It’s 2017! According to the people in my social media feeds, which is always a reliable source of information, the new year is a good thing because last year was apparently terrible.
My writing dropped off the face of the internet’s earth for a while, and that’s okay. Because the internet’s earth isn’t all of earth, and sometimes it’s good to keep secrets from it.
Last year around this time I made the “writelution” (geez, I already feel like I’ve matured in a year) to take joy. And I think I did it, or at least tried to. At the time, it was a life-giving goal, something which challenged me to scrounge for joy when I least felt it was there.
But this time I think I’m ready for something different. I’m tired of scrounging, of hunting. I want to choose, rather than just take, hope. It’s a different kind of action. It’s utilizing what’s already there instead of trying to find it.
One of my favorite thoughts I came across this year was this one:
And this quote sums up my desire to be more active in the pursuit of joy. This past year, my soul has hummed and danced and sung on good days, but it’s had trouble doing all those things on the bad ones. I find that I build nests in sorrow because deep down I want to. It’s warm and comforting being cold and uncomfortable.

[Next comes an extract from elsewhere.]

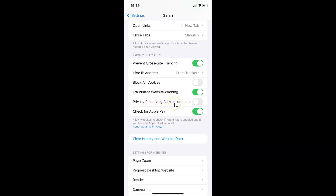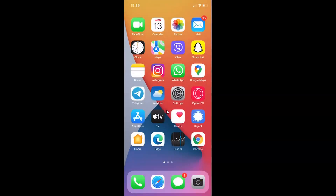Just select the option that you want. I'll leave this as disabled. After you're done, you can close your Settings app. In this way you can easily enable or disable privacy preserving ad measurement in Safari browser on iPhone running iOS version 15.0.1. Thanks for watching. If you like my videos, please support this channel by subscribing to it. Thanks, bye bye.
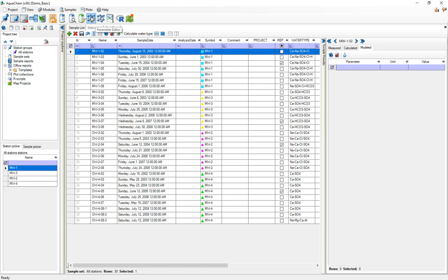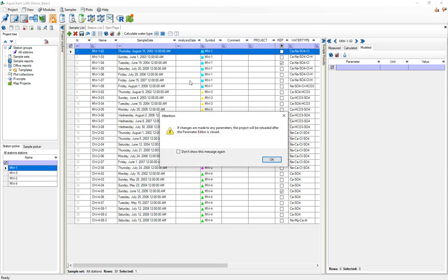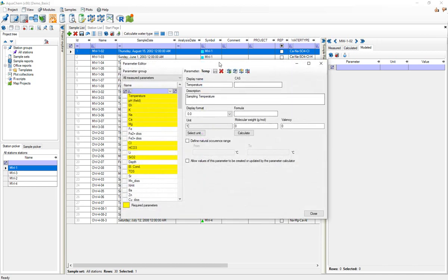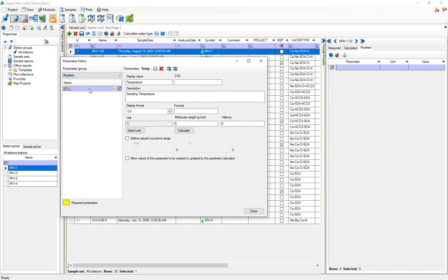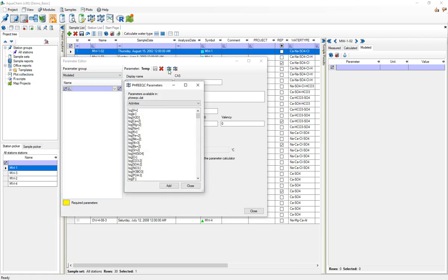This button right here. I'll get this warning and I'll go to the parameter group modeled. So if you're on the parameter group modeled, and only if you're on the parameter group modeled, and you press this button here you can import parameters from your thermodynamic database.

I used to sing regularly. I used to sing every week at church, together with a big well-oiled machine of a worship band. People said I was good, and that I blessed them. And in a lot of ways, I was blessed too. There were fleeting moments when the songs filled my heart and veins and bones and exploded into the big bright sanctuary and up to God.
But after a few years, singing felt stale, not worshipful at all. It became a routine, a scheduled rehearsal and playacted performance. But I kept singing because I was expected to, and I kept singing because there was no good reason not to, and I kept singing because people were blessed by it.
But after a while, I didn’t want to sing anymore.
At least, not in front of people. I wanted to sing the songs of my soul. I wanted my heart and veins and bones to fill up and explode to God, just to God, not to anyone else. And then various church and family crap happened, and it felt like all the literal and figurative singing was such a sham, like I had been exploited into blessing people who wouldn’t bless me back.
I realize this isn’t necessarily accurate, but it’s how I felt. And I spent most of 2016 feeling that to walk into a church and sing in any capacity was a lie. The words of every song were stale and sneering. I assumed that every well-oiled worship band machines were scheduled rehearsals and performances like I had once been. And I got angry, because I really wanted to sing and fill up and explode together with my brothers and sisters. I didn’t want to sing by myself anymore.
“I want to be in church, God.” I prayed. “And I want to sing and I want it to be real, and I want to feel like I belong and have a community. But I just can’t.”
So for a while I stumbled along and went to church with my best friend and my husband and I tried to sing. Some days I sang on the outside, some days I only sang on the inside, and some days I didn’t sing at all. And every so often there would be a moment when the song would fill my heart and veins and bones and explode, and I’d nearly cry. The moment never lasted very long but I was thankful for it. And then the moments started getting closer and closer together, until I could sing, really sing, for a whole service.
Obviously it’s still not cut and dried. Obviously there are other ways I need to learn to sing, inwardly if not outwardly. But I’m learning, and I’m thankful for that, and I’m content with that. This past year I’ve been confused, I’ve felt lost and I’ve been brokenhearted. And God has met me in each of those moments, I think, to remind me to sing anyway. And I want to. I want to sing even if there isn’t a song playing. So that’s my intention or resolution or whatever it is.